Newsman: French president Emmanuel Macron said “the great risk” Europe faces is that it “gets caught up in crises that are not ours, which prevents it from building its strategic autonomy.”
Emmanuel Macron said, Europe must reduce its dependency on the United States and avoid getting dragged into a confrontation between China and the U.S. over Taiwan.
Speaking with POLITICO and two French journalists on his plane after his trip to China, Macron emphasized his pet theory of “strategic autonomy” for Europe, presumably led by France, to become a “third superpower.”
President Emmanuel Macron claimed to have already “won the ideological battle on strategic autonomy” for Europe.
Macron gave the interview while flying from Beijing to Guangzhou, in southern China, aboard COTAM Unité, France’s Air Force One after spending around six hours with Chinese President Xi Jinping.
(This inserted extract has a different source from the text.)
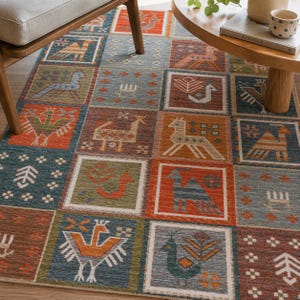 May include: A rectangular area rug featuring a grid of square panels, each containing distinct animal and geometric motifs in shades of orange, blue, green, and brown. The pattern includes stylized birds, four-legged creatures, and plants.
“The paradox would be that, overcome with panic, we believe we are just America’s followers,” Macron said in the interview. “The question Europeans need to answer … is it in our interest to accelerate [a crisis] on Taiwan? No. The worse thing would be to think that we Europeans must become followers on this topic and take our cue from the U.S. agenda and a Chinese overreaction,” he said.
Macron and Xi discussed Taiwan “intensely,” according to French officials accompanying the president, according to POLITICO report.
“Stability in the Taiwan Strait is of paramount importance,” European Commission President Ursula von der Leyen, who accompanied Macron for part of his visit, said she told Xi during their meeting in Beijing last Thursday. “The threat [of] the use of force to change the status quo is unacceptable.”
Xi responded by saying anyone who thought they could influence Beijing on Taiwan was deluded.
Macron appears to agree with that assessment.
“Europeans cannot resolve the crisis in Ukraine; how can we credibly say on Taiwan, ‘watch out, if you do something wrong we will be there’? If you really want to increase tensions that’s the way to do it,” he said.